Но было бы напрасно, с другой стороны, искать в них отвлеченные, потусторонние принципы, извне повелевающие элементами. Афродита и Арес у Эмпедокла – стихийные духи без лица, образа и пола, символизирующие противоположные космические тенденции к распаду и воссоединению бытия. Стихийные духи – все равно что духовные стихии, ибо духи и стихии различаются между собой не как две природы, а как два выражения, проявления одной и той же природы (см. 53, 109 сл.). Эмпедокл возвращается к догомеровским анимистическим представлениям, к убеждению первобытного анимизма в том, что вещество духовно, а дух веществен и дает свою, новую концептуально-натурфилософскую редакцию. Это концептуальное возрождение древних анимистических воззрений в досократовской натурфилософии получило название гилозоизма, в нем живое и неживое не противопоставляются и даже едва различаются. Это как раз та «первобытная простота» раннегреческой философии, которая «не была способна выяснить отношение мышления к материи» (1, 20, 142) и которая образует предпосылку дифференциации философских направлений, «зерно позднейшего раскола» (1, 20, 504). Что касается Эмпедокла, то у него мы находим не просто гилозоизм, а «усиленный гилозоизм» (17, 214). Поэтому Любовь и Ненависть в описании Эмпедокла либо уподобляются стихиям, либо сами суть стихии. Например, любовь, как и любое тело, имеет пространственное изменение: «она равна и по ширине, и по длине» и, подобно какой-нибудь вещественной природе, «распространена среди стихий» (3, 178). И вообще они выглядят как два дополнительных (к четырем) элемента, выполняющих роль своеобразного фермента, или «динамического флюида» (44, 497): один ассоциирует вещество, другой диссоциирует. Их невозможно представить вне того, что они объединяют и разъединяют. Как отмечает Аристотель, Любовь и Ненависть входят в состав мирового целого и потому наравне с другими стихиями «участвуют в общей смеси элементов» (6, I, 317).

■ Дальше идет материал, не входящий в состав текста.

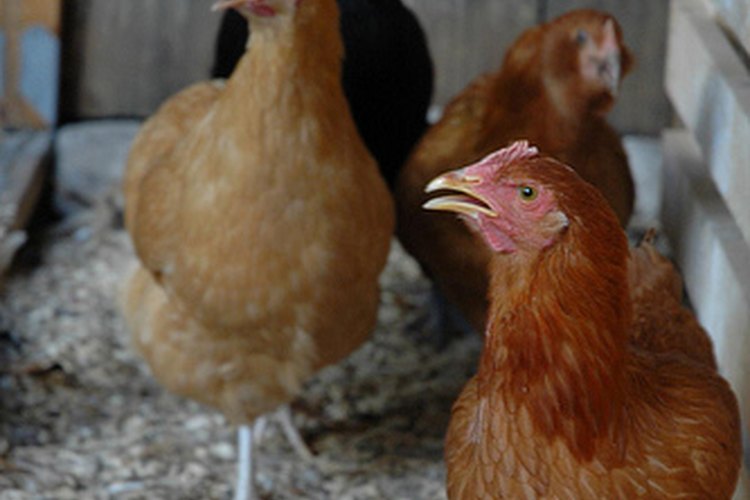Cuida a tus gallinas.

Такова картина космогенеза у Эмпедокла на стихийно-элементарном уровне. Космическая жизнь, согласно ей, есть становление вещества, осуществляющееся через борьбу Афродиты (Любви) и Ареса (Ненависти): Афродита как символ объединяющего начала синтезирует в направлении убывающей телесности («путь вверх») божественное Единство (Сфайрос); Арес как символ разъединяющего начала создает – в направлении убывающей духовности («путь вниз») – беспорядочное вещественное Множество.